What’s Real and What’s Fake? Impostor Syndrome and Leadership
Over the past few years, Impostor Syndrome awareness has grown in notoriety and importance. A search of Google will show articles and videos from Time, Harvard Business Review, BBC, the American Psychological Association, and TED-Ed, amongst others. Given the popularity of the topic, many leaders have begun to address the problem of Impostor Syndrome in their organizations. Yet Impostor Syndrome is not explained or identified in military companies, platoons, teams, etc., and it is surely not a part of the Officer or NCO professional military education.

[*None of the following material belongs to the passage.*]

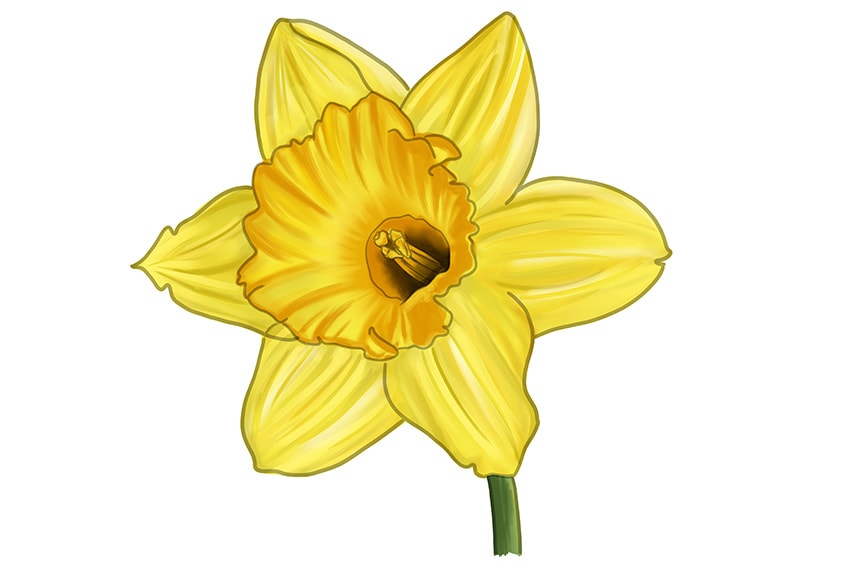 daffodil art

Individuals with imposter syndrome have reported the following characteristics: (a) failure to internalize success; (b) need to outperform others; (c) tendency to be perfectionistic; (d) fear of failure; (e) denial of competence and rejection of praise, and (f) feelings of fear and guilt when successful. Leaders must be aware of this seemingly innocuous, yet pervasive challenge to confidence and competence to be an agile and adaptive leader in today’s ever-complex and evolving arena of competition and conflict. To adequately address Impostor Syndrome, junior officers must first understand what impostor syndrome is and how it affects the individual.
Impostor Syndrome Defined
Imposter phenomenon (IP), also known as imposter syndrome, fraud syndrome, or the imposter experience, is typically defined broadly as a phenomenon “based on intense, secret feelings of fraudulence… specifically, pertaining to success and achievement”[i]. It was first proposed as a concept by Clance and Imes in 1978.[ii] According to a study published in the Harvard Business review and evidence reported by Adam Grant in his book “Think Again”, imposter syndrome disproportionately affects not only high achieving people, but also women and minorities.[iii] For the discussion here, we will define imposter syndrome simply as a collection of feelings of inadequacy that negatively impact leader behavior despite relevant success.[iv]

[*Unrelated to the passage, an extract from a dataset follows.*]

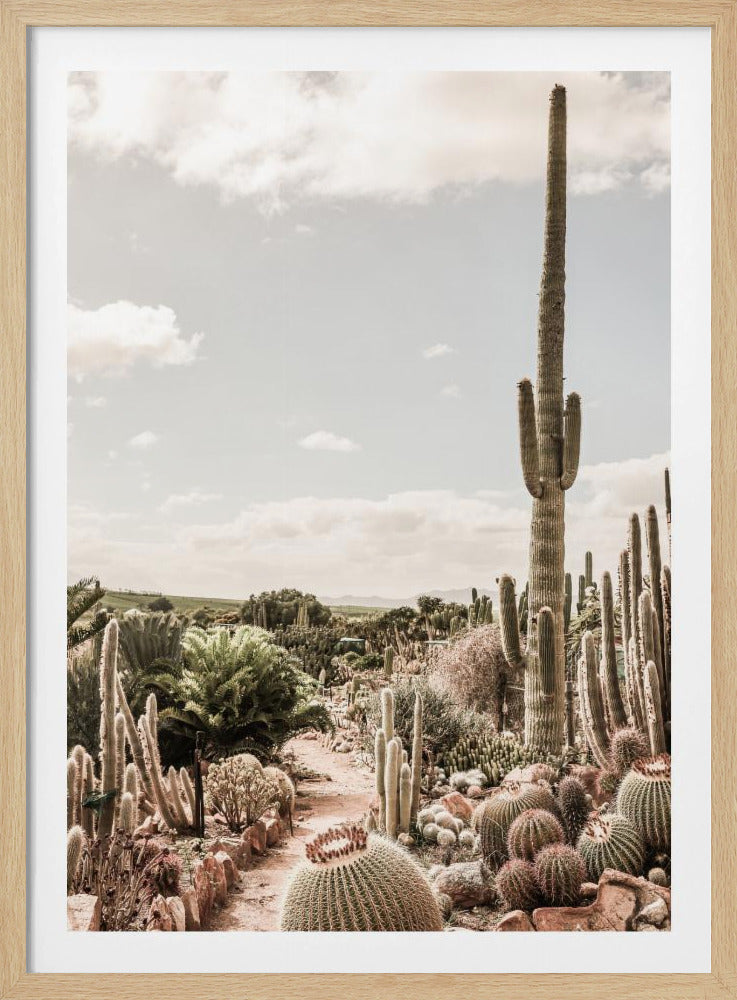 Cactusboerderij | Poster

The reality of Impostor Syndrome is that everyone, leader or not, feels like an impostor at one point or another. As we progress in our personal and professional lives in a highly ambiguous, complex, and seemingly unforgiving world, we will repeatedly encounter situations we are not prepared to deal with. New challenges arise, and if we are working outside of our comfort zone it is natural to feel uneasy, wary, and possibly even unqualified. These situations should be treated as opportunities to grow, mature, and build upon our experiences, knowledge, and skills – a growth zone. In Nine Ways to Fight Impostor Syndrome,[v] there are steps leaders can take individually to keep impostor syndrome in check.

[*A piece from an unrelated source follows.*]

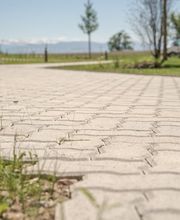 Emmenegger Garten- Tiefbau AG Bild 2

Reflections on Impostor Syndrome
We also want to provide a few of our reflections on how we have dealt with impostor syndrome in our own lives. Frankly, an article like this would be incomplete without a certain level of author openness on the topic.
CPT Moyeno: Earlier this year, I returned to the United States Military Academy (USMA) at West Point to complete my graduate studies as a member of the Eisenhower Leader Development Program. This program collaborates with the Department of Behavioral Sciences and Leadership and Teachers College, Columbia University, to equip USMA Tactical Officers with the science of leading and developing organizations. Upon arriving at USMA for my “fifth year,” I was met with a rush of emotion I last felt thirteen years prior when I reported to USMA for the first time. These intense feelings were of fraudulence, self-doubt, and unworthiness. As these feelings and thoughts crept to my mind, I did what I did thirteen years ago, and I reflected. I reflected on my journey and the many obstacles that I overcame to arrive at this point. I remembered the sacrifices my loved ones made to assist me on my journey. I thought of the fantastic opportunity that I had in front of me. I thought about the unrealized potential I have to make my contribution. I was not an unwanted impostor; I was a welcomed and valued part of the team.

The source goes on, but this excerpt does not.